Kluge, who donated money to build a children's rehabilitation center for the hospital and paid for Craig's expenses, said he sometimes feels overwhelmed by the requests for help he gets from people with serious illnesses. "It's rather disheartening to get that kind of mail."

Marion Shergold said she thinks Craig was spared to give hope to other seriously ill children.

"I've wondered why God chose Craig for these cards," she said, referring to the campaign that drew the world's, and Kluge's, attention to Craig's plight.

"I never asked for anything," she said. "I thought, why, with all those millions of people all over the world ill, why has God chosen him? This is the answer. To prove they can have a future in this world. This is just wonderful."

Craig, wearing a brightly colored warm-up suit, told jokes about his shaved head and England's royal family and did an impression of former Prime Minister Margaret Thatcher, whose get-well card put him over the million mark.

Craig tires easily. His speech is slow and his left limbs are weak. But neurosurgeon Neal Kassell said he is recovering "far better than anticipated." It will take about six months to determine if Craig's speech and coordination will return to normal.

Craig will leave the hospital next week after nearly a month of physical therapy. He's optimistic about his recovery and promised to come back in 10 years and thrash Kassell in squash.

Kluge said he hoped he would still be around to watch.

"You will," Marion Shergold said. "You'll be the umpire."

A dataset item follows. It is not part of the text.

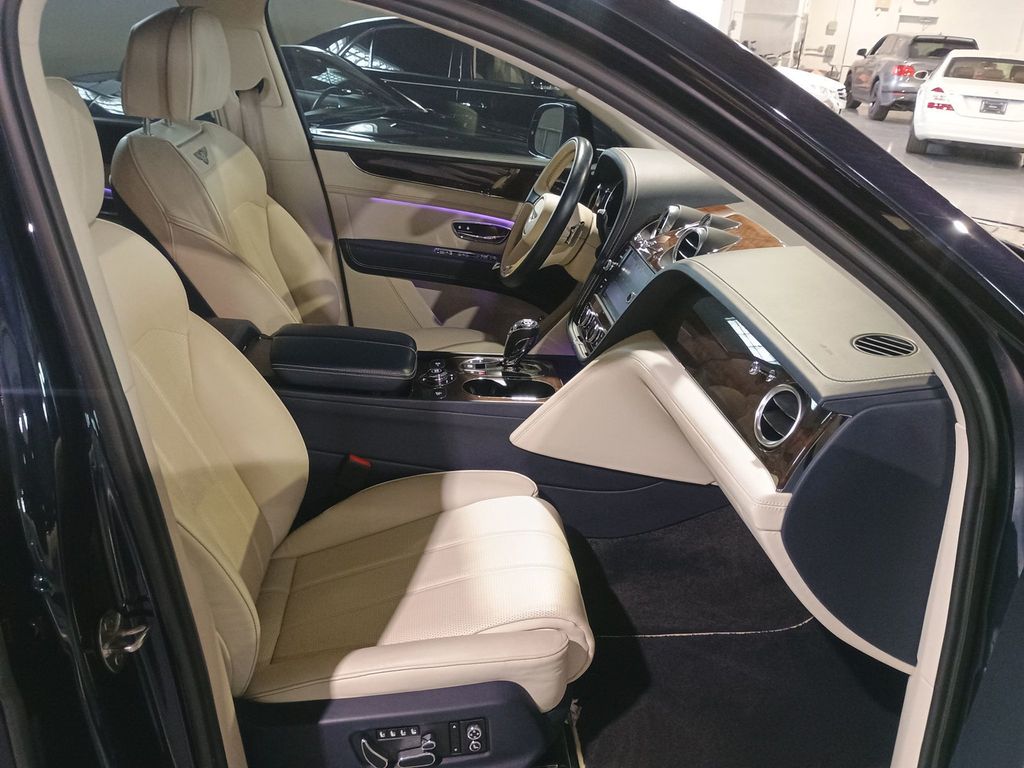 2020 Bentley Bentayga Hybrid AWD - 22940867 - 36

After Kluge left, Ernie Shergold said, "You know, someone should do a movie about this. It's a right good weepy, isn't it?"

The joys of this month followed "two really rough years" that began when Craig started complaining about earaches, Ernie Shergold said.

The growing tumor was compressing the brain stem to the thickness of a ribbon, Kassell said, gradually hampering the boy's speech and coordination.

Shergold said it got to the point when even the sound of turning pages hurt Craig's ears. "He was in a padded room."

After exploratory surgery in London, Craig could hardly see and the doctors told the parents to take him home and let him rest and die in peace, Marion Shergold said.

Then, his luck started to turn. Kluge called it destiny.

A doctor trying to cheer Craig up noticed the display of get-well cards in the room and mentioned that it would be something if he could "get into the book of world records," Craig's mother said.

The local media picked up on the idea and the campaign snowballed. Within a week he had 100,000 and within months he broke the old record of 16,250,659. At 33 million, campaign organizers stopped counting the cards, which are stored in warehouses in Atlanta and London, and began recycling them to hospitals. They're still coming in at 20,000 a week.

Last fall, when the count was about 22 million, Kluge said a couple of his friends asked him to send Craig a card.

He sent one, which Craig said he cherishes even more than those from celebrities such as Michael Jackson and Arnold Schwarzenegger and heads of state such as George Bush and Thatcher.

Kluge also asked Kassell, a longtime friend, to see if he could help.

Kassell said it was Kluge's intuition that gave Craig a chance. "He had a sense that, with all this media hype that goes along with 22 million cards, perhaps something could be done medically. And he was right."